Vous ne l’aviez rencontrée qu’une seule fois, mais vous étiez devenues amies par les courriers que vous échangiez depuis cette rencontre à Spa où elle était en villégiature. Elle était institutrice aussi, votre « amie-ennemie » comme vous disiez pour nous faire comprendre l’absurdité des hostilités dont on n’entendait alors que la lointaine rumeur.

C’était aux premières années du siècle. Oh ! je m’en souviens : été 1906 ! J’avais une dizaine d’années quand j’ai dû m’atteler aux travaux de la ferme, comme mes petits camarades : les jeux étaient faits pour nous, nous allions travailler dans les champs, soigner les bêtes, soulager les parents. Heureusement, les miens ont bien voulu que vous continuiez à vous occuper de moi, lorsque j’avais terminé mon ouvrage. Vous avez continué de m’apprendre à écrire et surtout à lire dans la classe où nous nous retrouvions seuls, vous et moi dans le cercle complice d’une pauvre lampe vacillante.

Mais, je me laisse emporter par la douceur des souvenirs. Revenons à ce mois de juin 1906 : pour prendre congé de nous, vous nous aviez rassemblés dans la cour de récréation. Il y avait, en rang d’oignons comme à la parade, Arille, Édouard, André, Edmond et moi bien sûr, que vous ne pouviez vous empêcher d’appeler par mon petit nom « Jeannot » ce qui faisait pouffer mes compagnons. Vous nous avez lu la dernière lettre reçue de votre amie. Elle disait avoir essayé de faire comme vous avec ses écoliers de l’autre côté de la frontière : leur parler de la paix plutôt que de la guerre, éviter les simulacres de batailles entre les camps ennemis à coup de faux fusils en bouts de bois et de canons de carton, préférer la réconciliation et l’amitié…

Cinq ans après ce jour-là de juin et de soleil, j’écris ces mots calligraphiés, assis dans un trou creusé dans la paroi de la tranchée, transi de froid tandis que la neige continue de tomber. J’entends dans les tranchées allemandes le murmure d’un chant accompagné du souffle d’un bandonéon.

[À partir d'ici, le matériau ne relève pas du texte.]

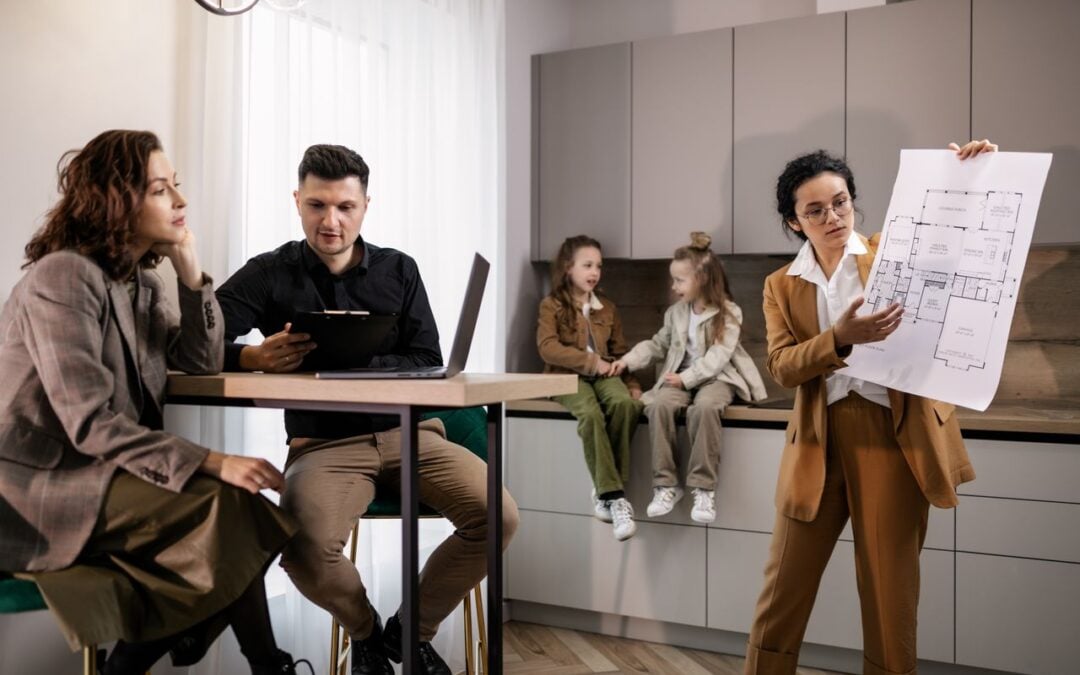 Selling the Family Business: What Every Founder Should Know Before Putting It on the Market
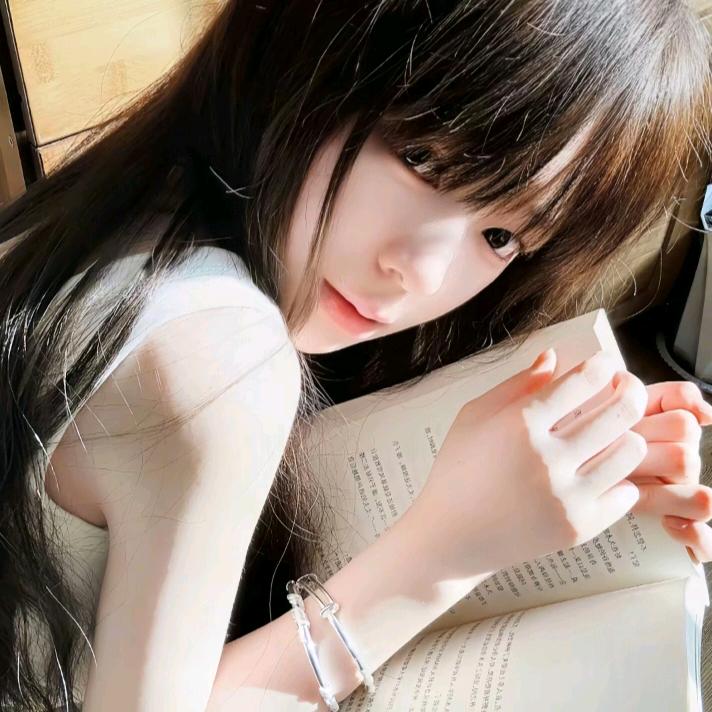 小菜呆萌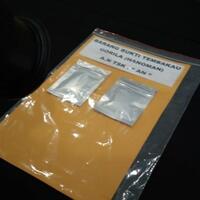 kronologi-penangkapan-andika-pentolan-grup-musik-the-titans-terkait-kasus-narkoba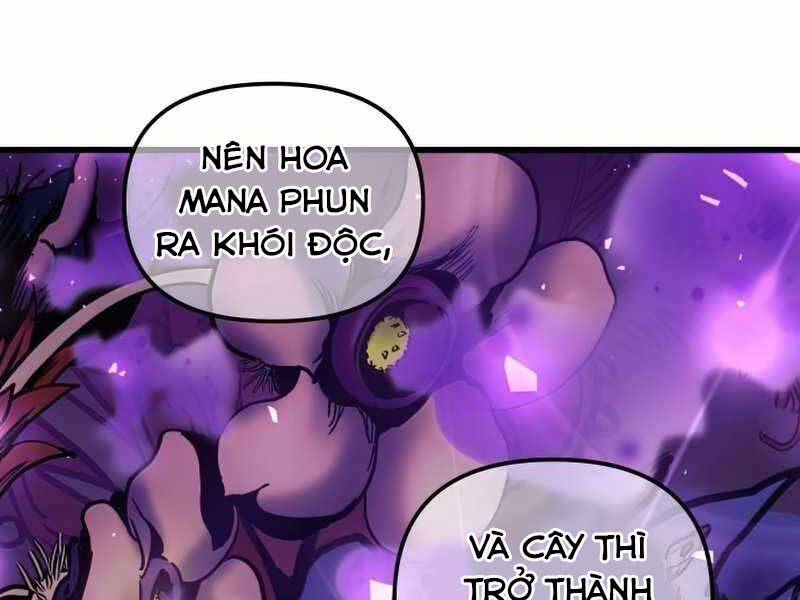 Chiền Thần Tự Sát Hồi Quy 57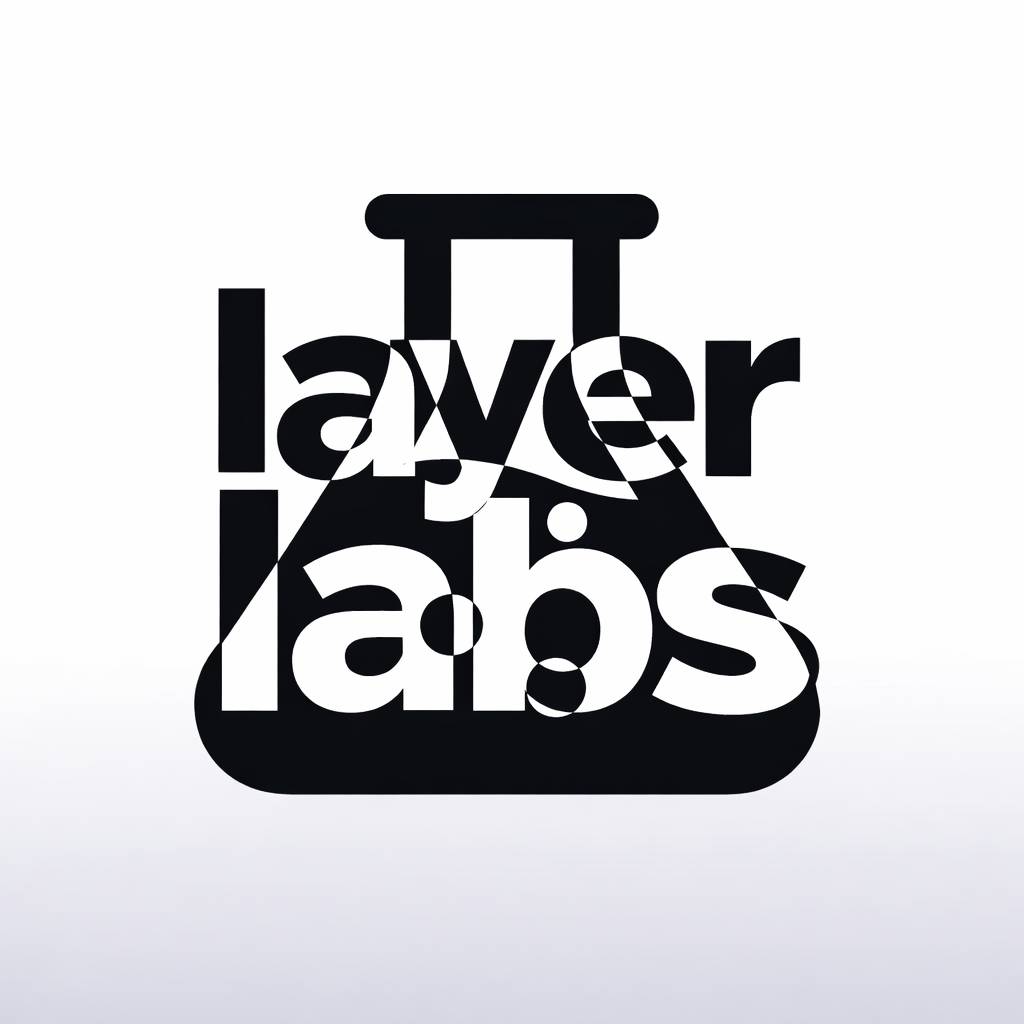 avatar of layer-labs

Je vais mettre en pratique ce que vous nous avez dit ce jour-là de juin et de soleil : essayer la paix !, et me lever de mon trou à rats, gravir les échelons de l’échelle et me porter sans armes au-devant de la ligne de feu des Boches… Peut-être, de l’autre côté, y aura-t-il un homme qui aura écouté ce que lui disait votre amie-ennemie ? Peut-être trinquerons-nous, gobelets de schnaps contre gobelets de cognac, à la fête de Noël… ? Vous le saurez, chère Maîtresse, si une autre lettre, après celle-ci, vous parvient ornée de mes vœux.

Je vous embrasse comme là-bas dans le cercle de la lumière qui éclairait les livres que nous lisions, avec la tendresse que vous savez, Chère Maîtresse.